**SOURCE DATA:**
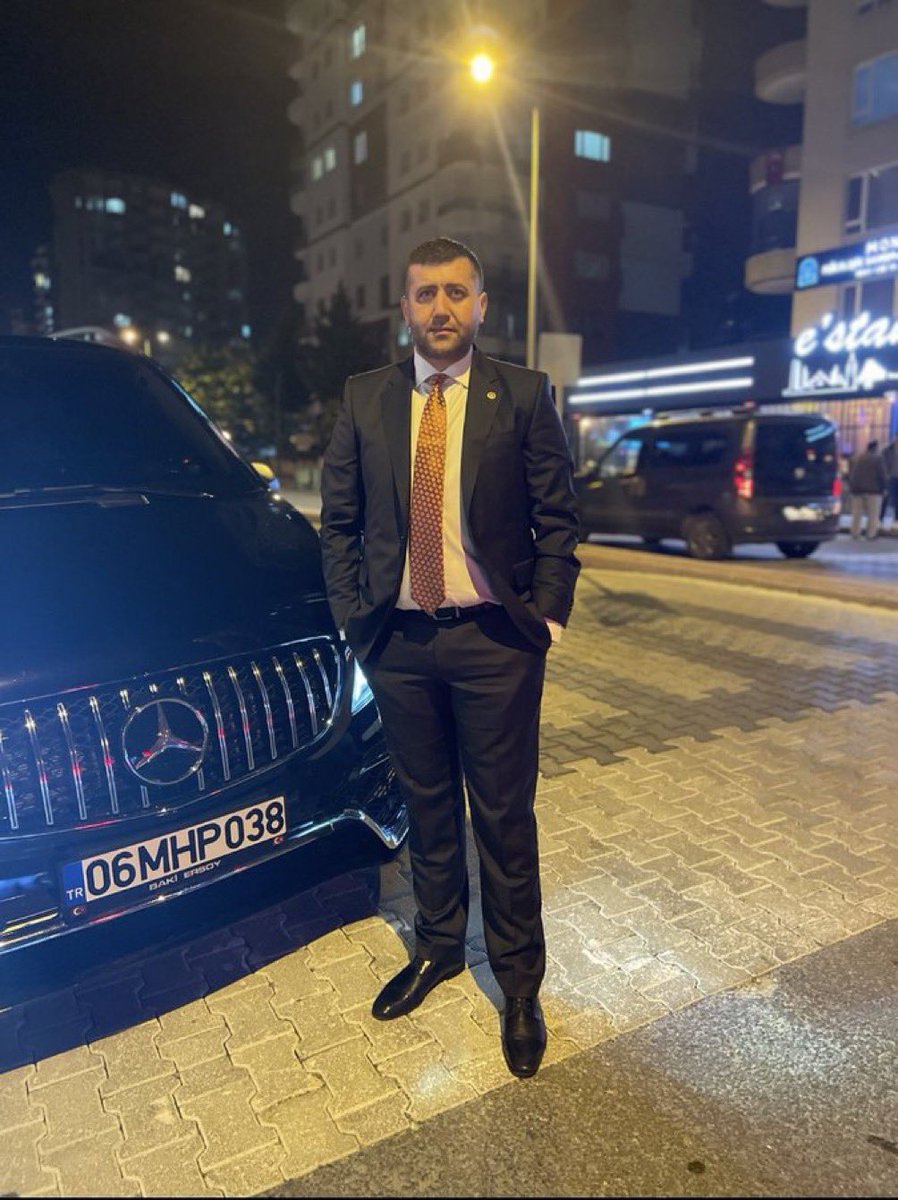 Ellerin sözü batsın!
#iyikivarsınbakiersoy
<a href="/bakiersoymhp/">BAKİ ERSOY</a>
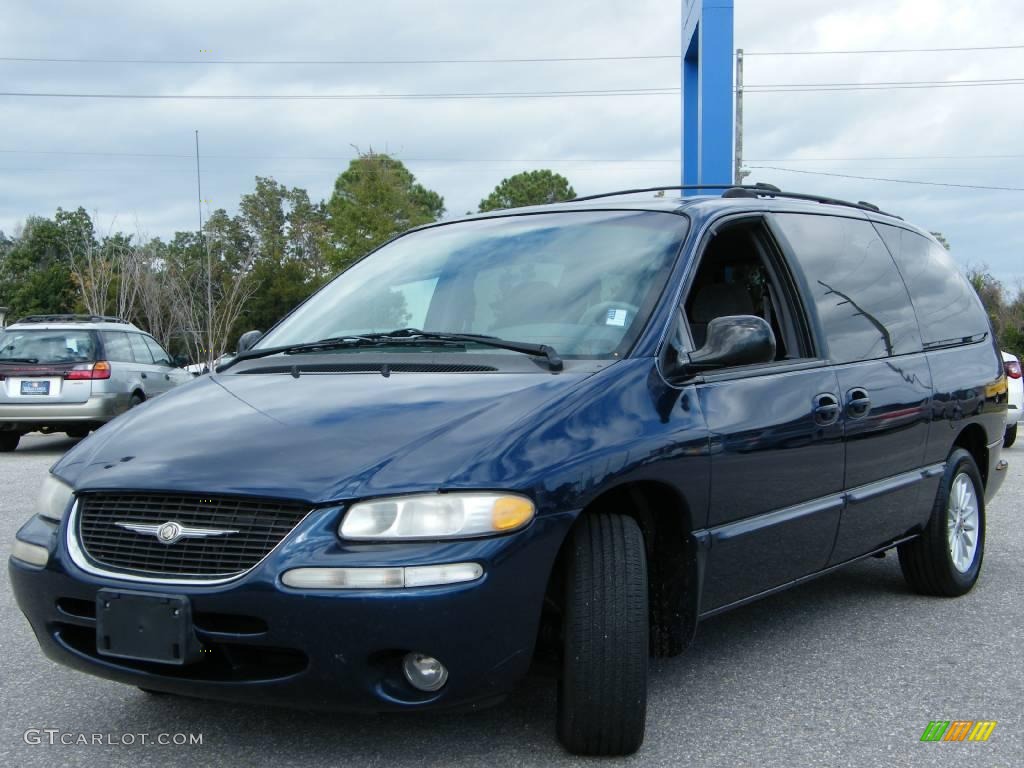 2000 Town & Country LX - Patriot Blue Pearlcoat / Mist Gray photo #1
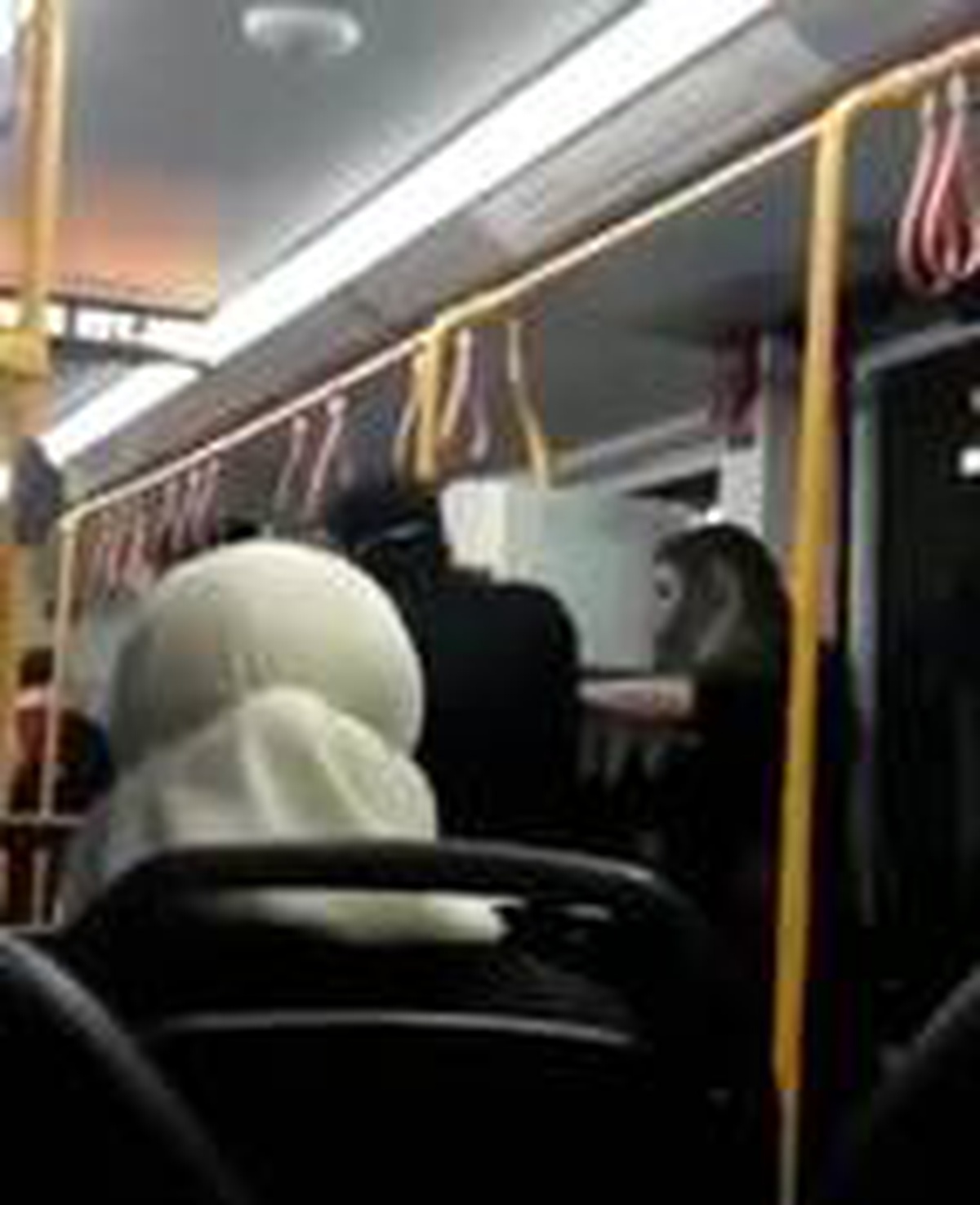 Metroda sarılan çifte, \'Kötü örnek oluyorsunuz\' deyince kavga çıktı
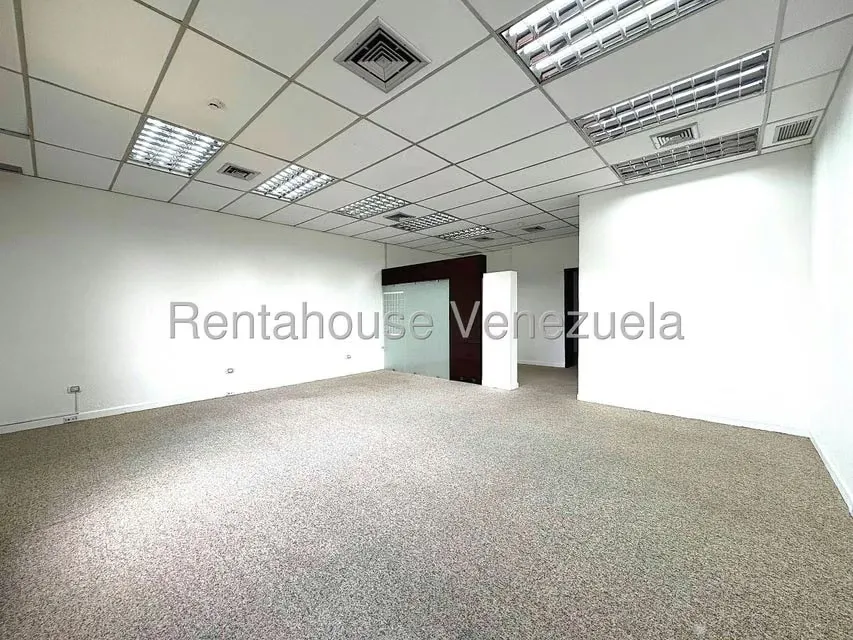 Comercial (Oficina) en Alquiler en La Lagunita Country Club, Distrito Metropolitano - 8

**ACTIVITY:** Leave out the pictures and set down everything else in the entries above exactly.

**OUTPUT:**
 Ellerin sözü batsın!
#iyikivarsınbakiersoy
<a href="/bakiersoymhp/">BAKİ ERSOY</a>
 2000 Town & Country LX - Patriot Blue Pearlcoat / Mist Gray photo #1
 Metroda sarılan çifte, \'Kötü örnek oluyorsunuz\' deyince kavga çıktı
 Comercial (Oficina) en Alquiler en La Lagunita Country Club, Distrito Metropolitano - 8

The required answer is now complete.